== Segment start ==

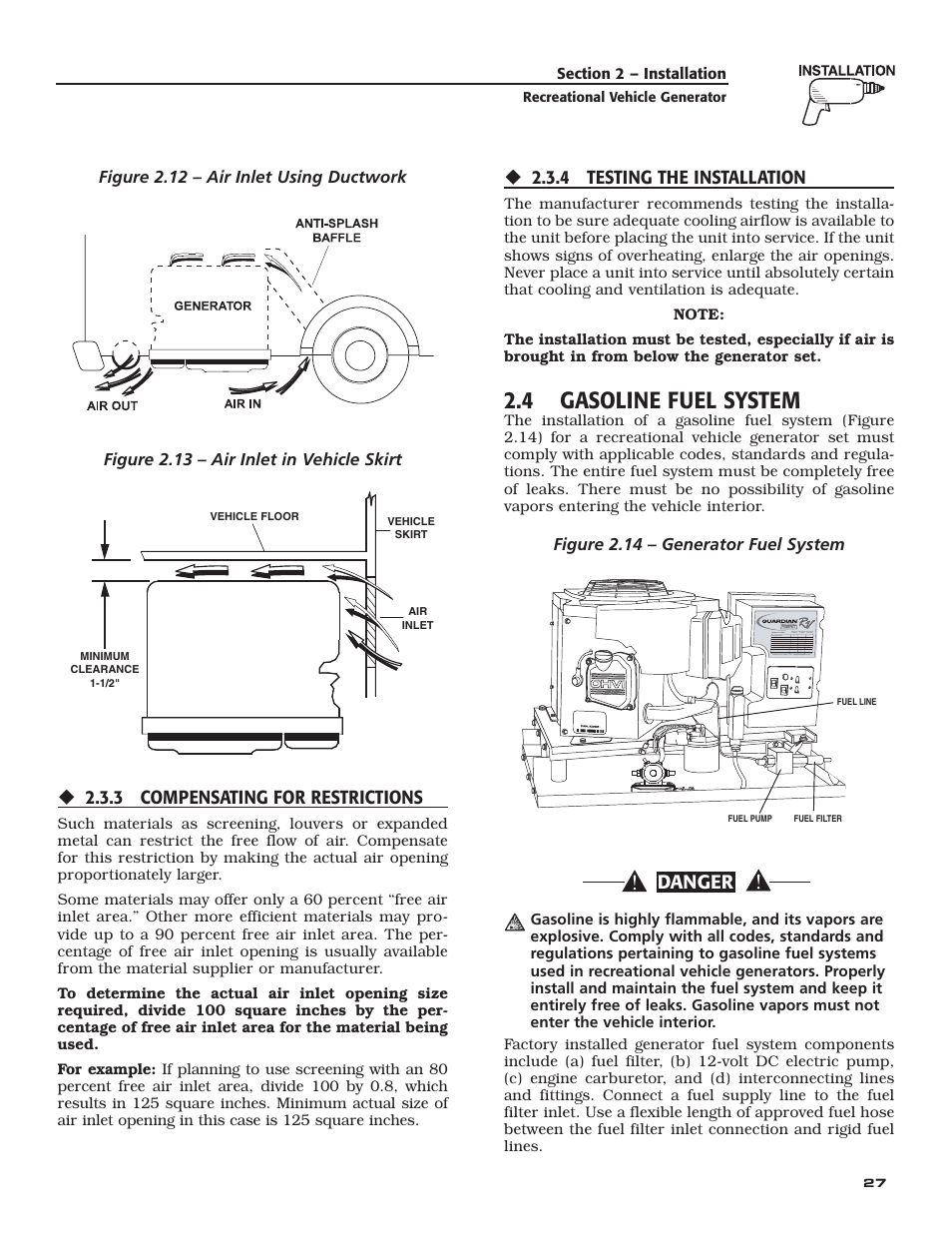 4 gasoline fuel system, Danger, 3 compensating for restrictions | 4 testing the installation, Figure 2.14 – generator fuel system | Guardian Technologies 02010-2 User Manual | Page 29 / 56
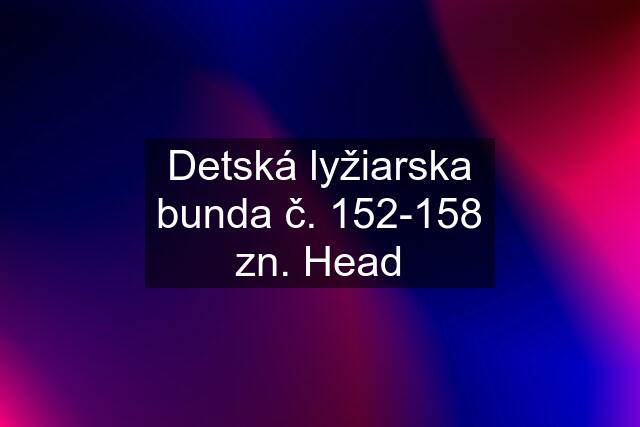 Detská lyžiarska bunda č. 152-158 zn. Head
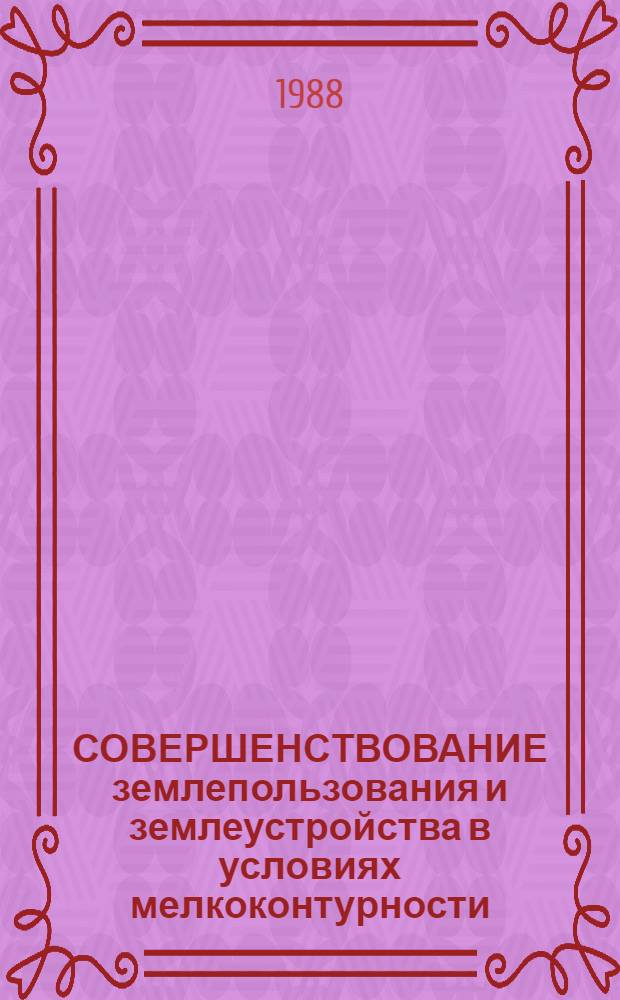 СОВЕРШЕНСТВОВАНИЕ землепользования и землеустройства в условиях мелкоконтурности : Сб. ст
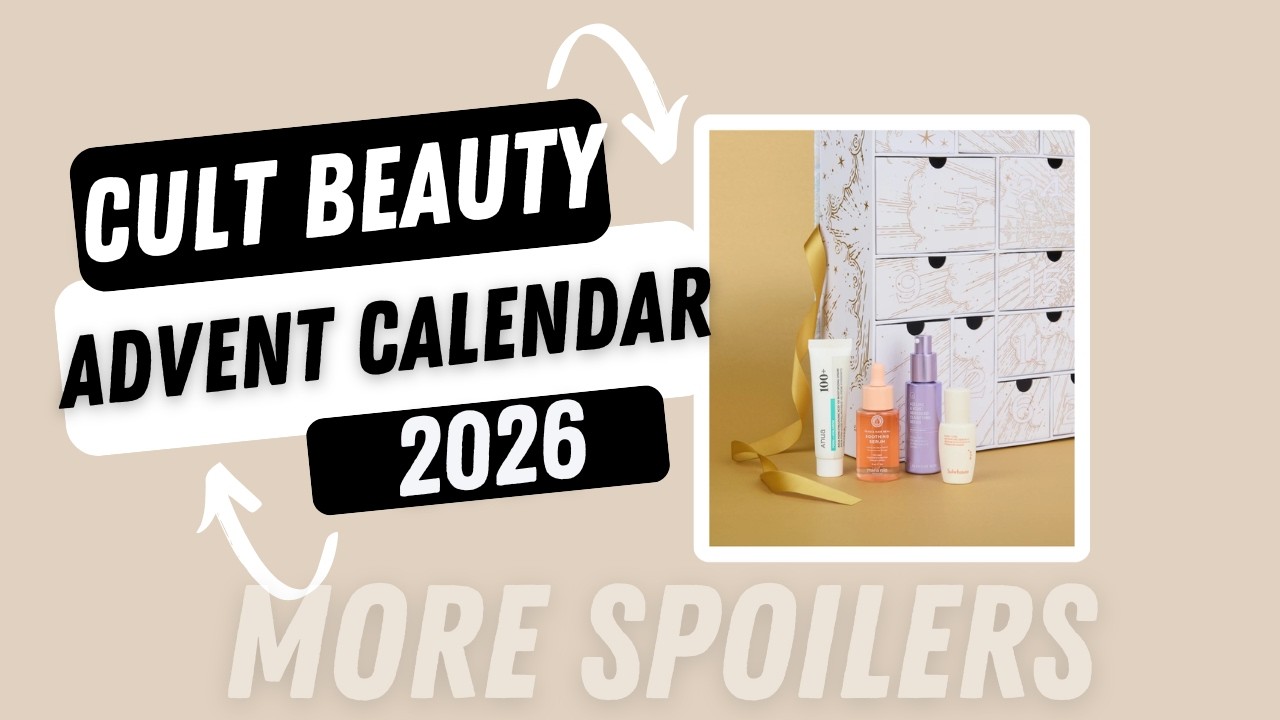 Cult Beauty Advent Calendar 2026: More Products Revealed! 👀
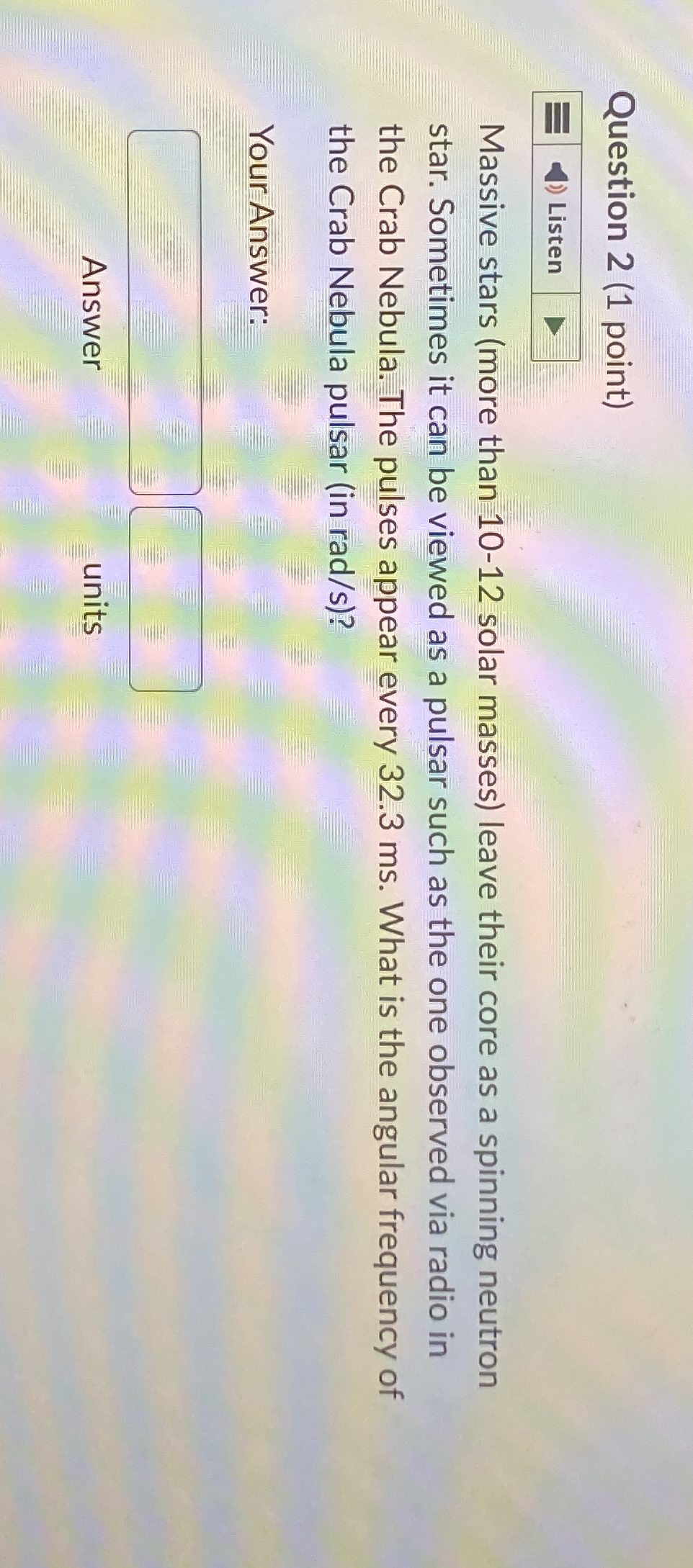 Question 2 ( 1 point ) Massive stars ( more than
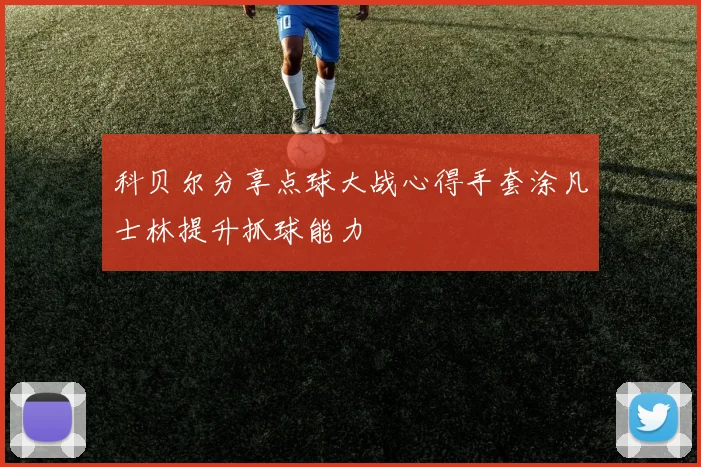 科贝尔分享点球大战心得手套涂凡士林提升抓球能力
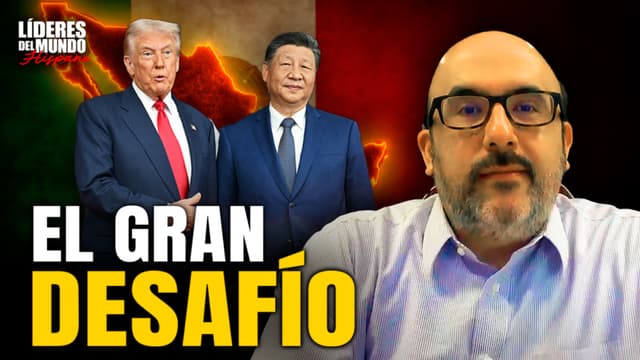 México en la Batalla China–EE.UU.: Lo Que Nadie Explica del Nuevo Orden Económico |Renato Balderrama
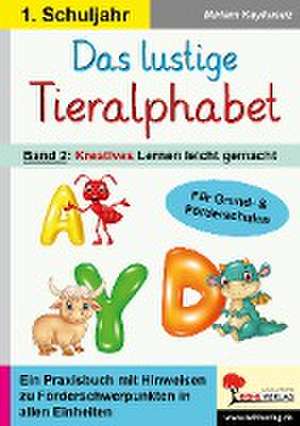 Das lustige Tieralphabet 2 de Miriam Kaykusuz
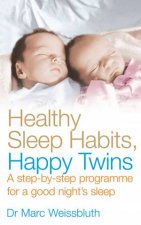 Healthy Sleep Habits Happy Twins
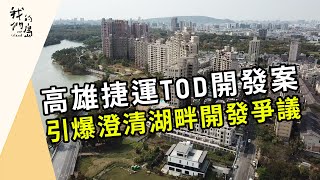 【高捷TOD】保衛水岸第一排｜澄清湖畔開發爭議(我們的島 第1206集 2023-05-29)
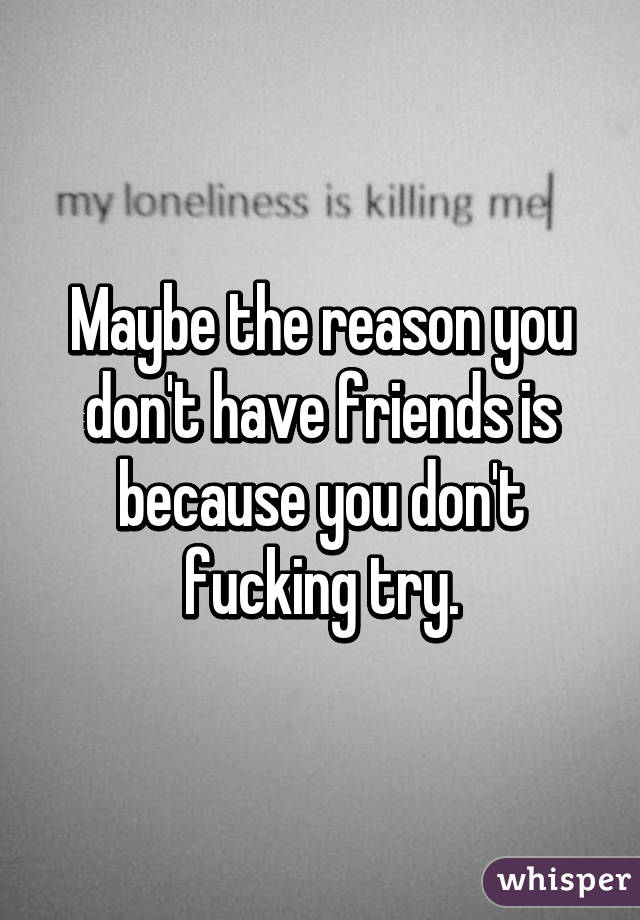 Maybe the reason you don't have friends is because you don't fucking try.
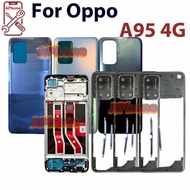 For Oppo A95 4G Back Cover Housing Middle Frame Front Frame
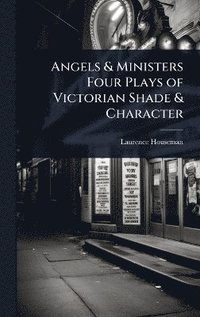 bokomslag Angels & Ministers Four Plays of Victorian Shade & Character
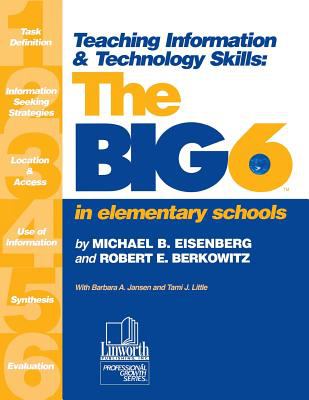 Teaching Information and Technology Skills : The Big6 in Elementary Schools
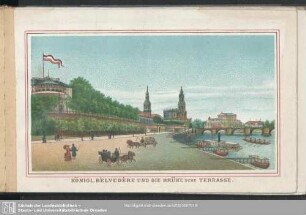 Königl. Belvedere und die Brühl'sche Terasse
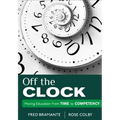 Off the Clock: Moving Education From Time to Competency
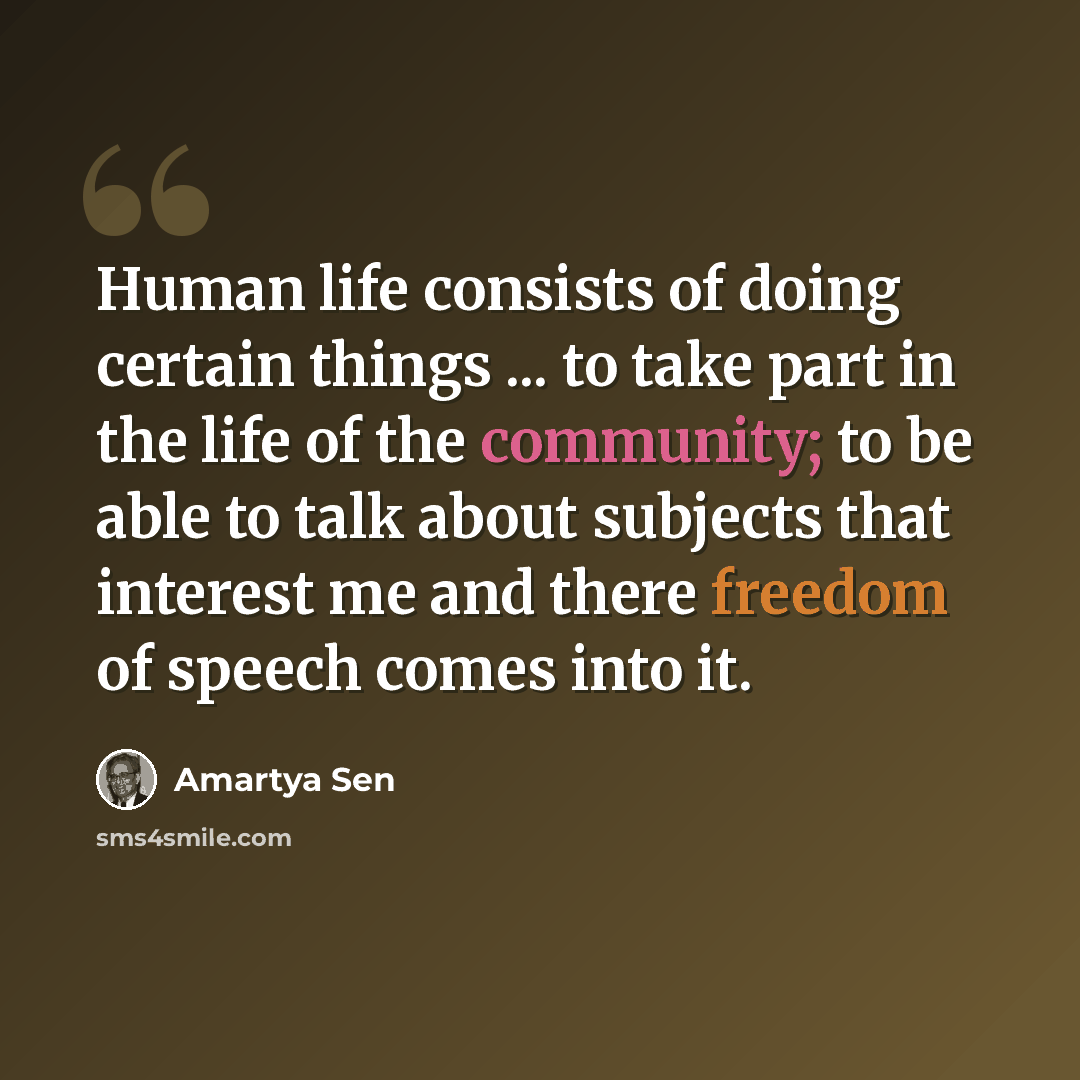 “Human life consists of doing certain things ... to take part in the life of the community; to be able to talk about subjects that interest me and there freedom of speech comes into it.” quote by Amartya Sen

== Segment end ==

* [TASK DETAILS]: Going from the line that holds "Off the Clock: Moving" to the end of the listing above, copy each line exactly and nothing more, leaving pictures aside.

* [ANSWER TO THIS EXERCISE]:
 Off the Clock: Moving Education From Time to Competency
 “Human life consists of doing certain things ... to take part in the life of the community; to be able to talk about subjects that interest me and there freedom of speech comes into it.” quote by Amartya Sen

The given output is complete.